● **Collected data entries**
★ ★ ★ ★ ★
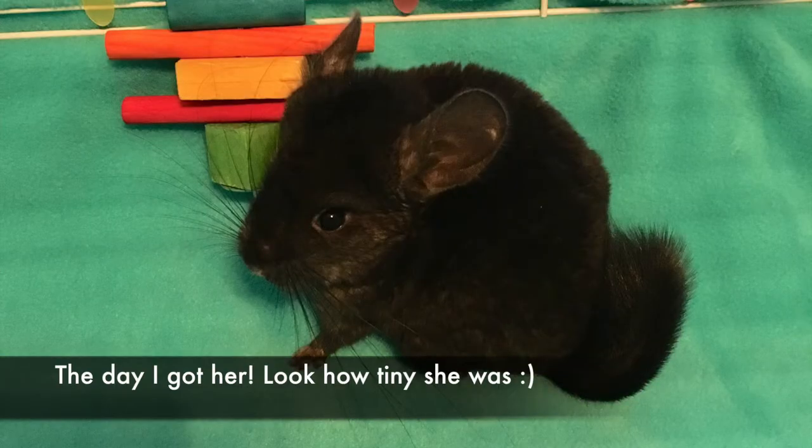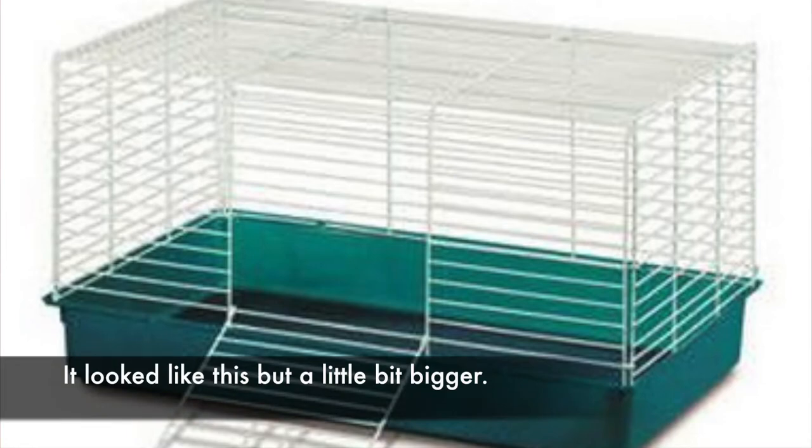The side-by-side method is where you have two cages and move them closer and closer together. I got Susie when she was eight weeks old, so she was still a baby, and I put her in the smallest cage. With the side-by-side method, you want the cages next to each other but not so close they can touch. You're supposed to have them about a foot apart, then every day move them closer and closer together.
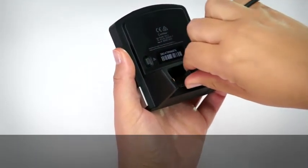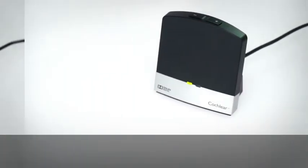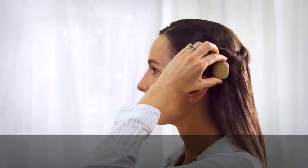Plug the power cable into the micro USB socket on your TV Streamer and connect it to the wall power outlet. The TV Streamer power indicator will light green.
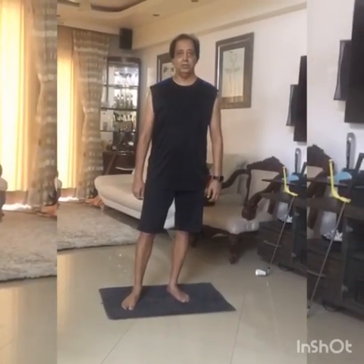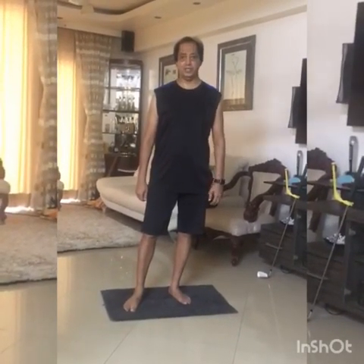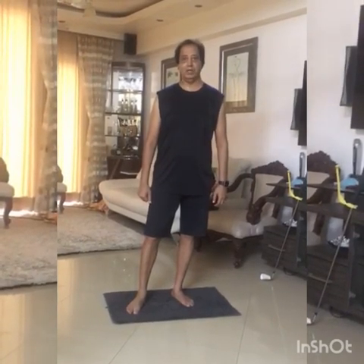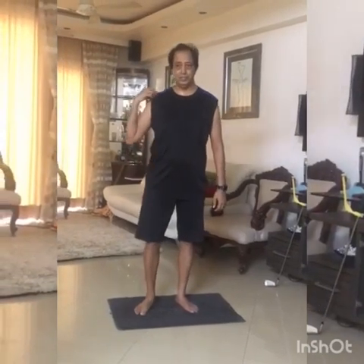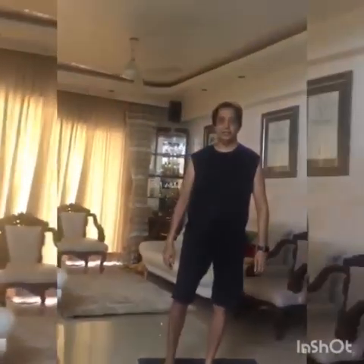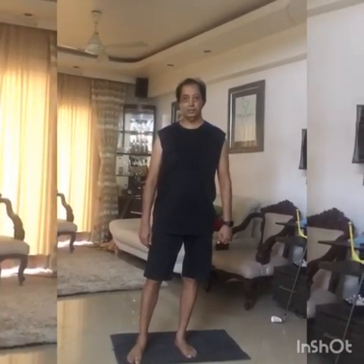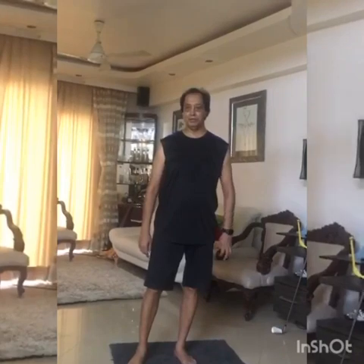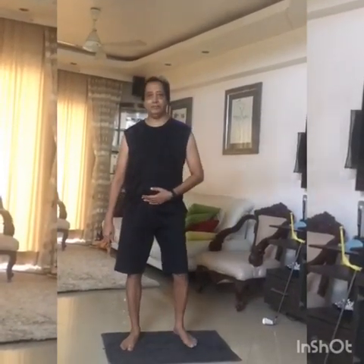Hi guys, today I want to tell you a few exercises for shoulders which are very helpful in case you have frozen shoulder or diabetes, or you just want to do some shoulder exercises. These exercises are advised by Dr. Mustafa Tokiwala, who is my physiotherapist and one of the leading physiotherapists in the country in the field of sports. First, you have to do a few stretching exercises for your shoulder.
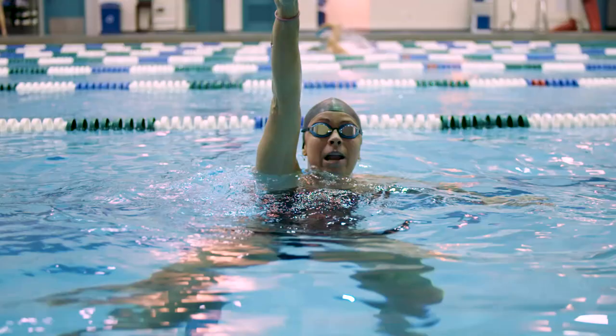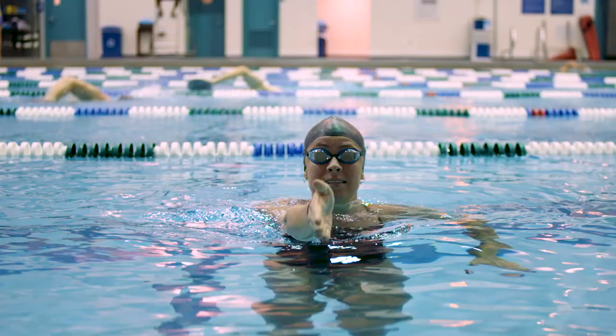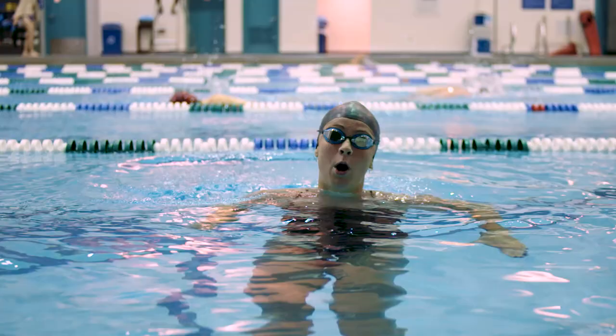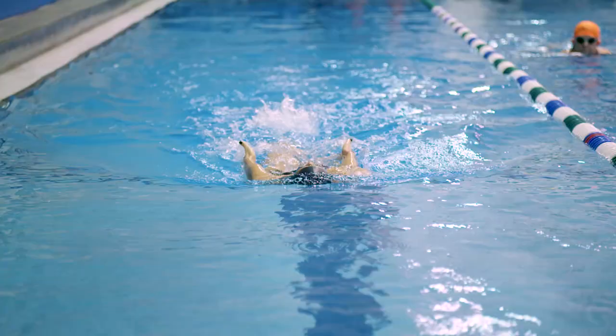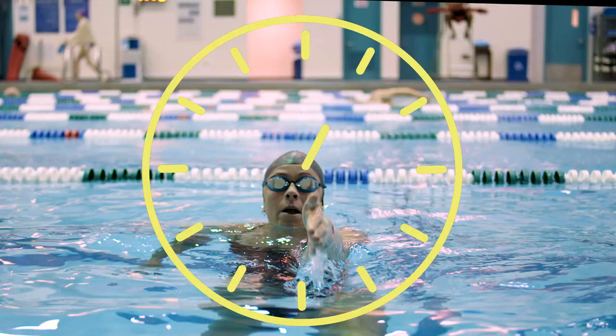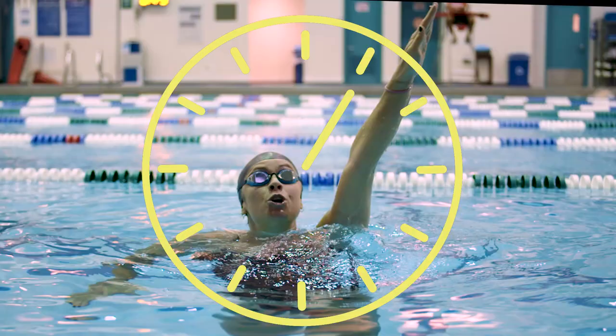When you swim backstroke and you come and enter up here, the next movement that you do is push water to the side, and that doesn't move us forward. So we want to immediately get to this movement so we can grab that water and pull it down, moving ourselves forward. When we do this drill, I want you to think about looking at the ceiling and seeing an analog clock. If your hand comes up and enters the water at midnight, that's not good. At one, still not good. But at two, you're at that point where you can really grab onto that water and pull it through.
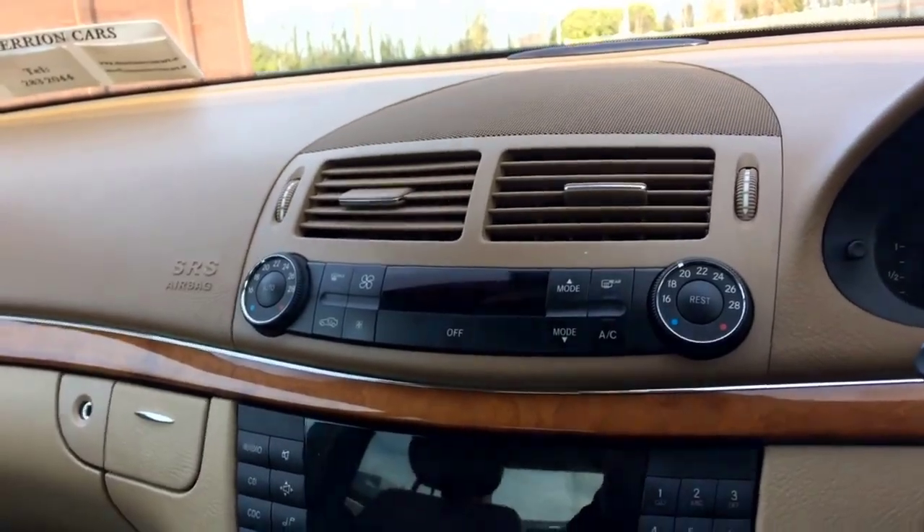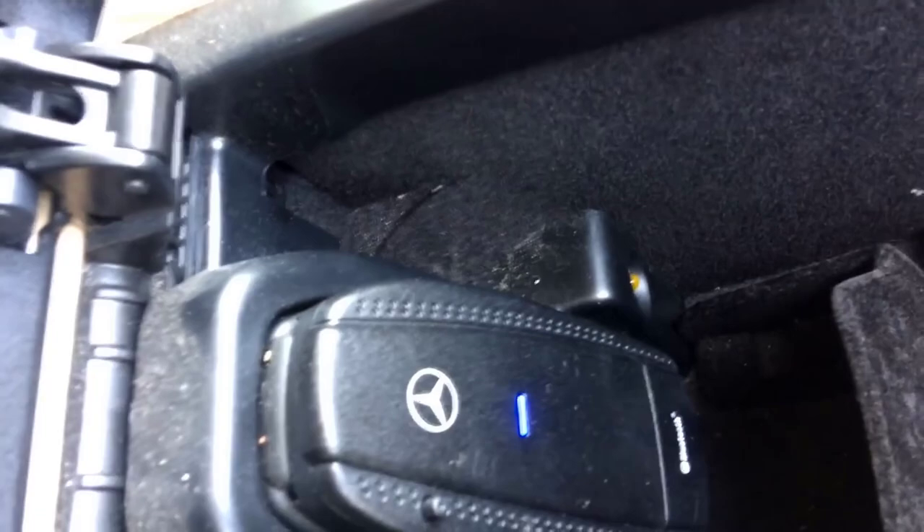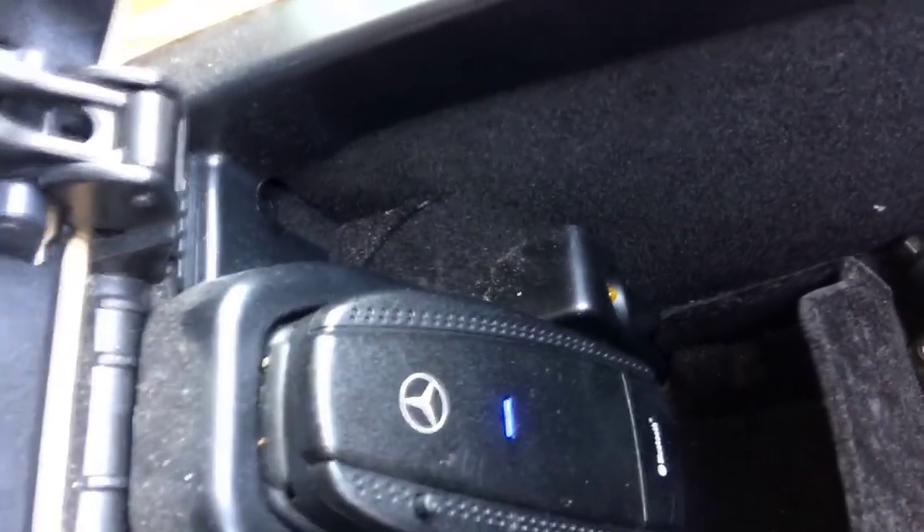What you need to do is find the Bluetooth on your mobile phone, switch it on, and go into your Bluetooth settings — that's the first thing to do on your mobile phone. Next, here in between the seats of your car there is a box, and you will find your Bluetooth device here. It has a blue light on it. Once you have switched on your mobile phone Bluetooth, click here at the very bottom of this Bluetooth device.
★ ★ ★ ★ ★
● **Requirement**
Output, exactly and only, the lines beginning with the one that contains "When you swim" and ending at the last line of the records above. Drop the pictures.

● **Response to the task**
When you swim backstroke and you come and enter up here, the next movement that you do is push water to the side, and that doesn't move us forward. So we want to immediately get to this movement so we can grab that water and pull it down, moving ourselves forward. When we do this drill, I want you to think about looking at the ceiling and seeing an analog clock. If your hand comes up and enters the water at midnight, that's not good. At one, still not good. But at two, you're at that point where you can really grab onto that water and pull it through.
What you need to do is find the Bluetooth on your mobile phone, switch it on, and go into your Bluetooth settings — that's the first thing to do on your mobile phone. Next, here in between the seats of your car there is a box, and you will find your Bluetooth device here. It has a blue light on it. Once you have switched on your mobile phone Bluetooth, click here at the very bottom of this Bluetooth device.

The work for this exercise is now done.